The entries below must be repeated exactly. None may be skipped.

INPUT DATA Block Start

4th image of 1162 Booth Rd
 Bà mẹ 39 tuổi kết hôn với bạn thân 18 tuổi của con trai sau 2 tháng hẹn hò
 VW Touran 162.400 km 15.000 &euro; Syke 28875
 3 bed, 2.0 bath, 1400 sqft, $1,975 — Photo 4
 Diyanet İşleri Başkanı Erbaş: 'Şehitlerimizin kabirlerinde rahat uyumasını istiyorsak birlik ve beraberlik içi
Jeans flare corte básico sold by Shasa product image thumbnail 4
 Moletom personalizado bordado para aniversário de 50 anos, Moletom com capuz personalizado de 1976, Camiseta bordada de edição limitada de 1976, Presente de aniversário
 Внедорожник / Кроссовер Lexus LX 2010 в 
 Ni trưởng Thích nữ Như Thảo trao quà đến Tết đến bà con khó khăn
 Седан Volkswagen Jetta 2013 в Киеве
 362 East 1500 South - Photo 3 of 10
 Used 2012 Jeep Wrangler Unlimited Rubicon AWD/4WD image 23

INPUT DATA Block End

● WRITTEN ANSWER
4th image of 1162 Booth Rd
 Bà mẹ 39 tuổi kết hôn với bạn thân 18 tuổi của con trai sau 2 tháng hẹn hò
 VW Touran 162.400 km 15.000 &euro; Syke 28875
 3 bed, 2.0 bath, 1400 sqft, $1,975 — Photo 4
 Diyanet İşleri Başkanı Erbaş: 'Şehitlerimizin kabirlerinde rahat uyumasını istiyorsak birlik ve beraberlik içi
Jeans flare corte básico sold by Shasa product image thumbnail 4
 Moletom personalizado bordado para aniversário de 50 anos, Moletom com capuz personalizado de 1976, Camiseta bordada de edição limitada de 1976, Presente de aniversário
 Внедорожник / Кроссовер Lexus LX 2010 в 
 Ni trưởng Thích nữ Như Thảo trao quà đến Tết đến bà con khó khăn
 Седан Volkswagen Jetta 2013 в Киеве
 362 East 1500 South - Photo 3 of 10
 Used 2012 Jeep Wrangler Unlimited Rubicon AWD/4WD image 23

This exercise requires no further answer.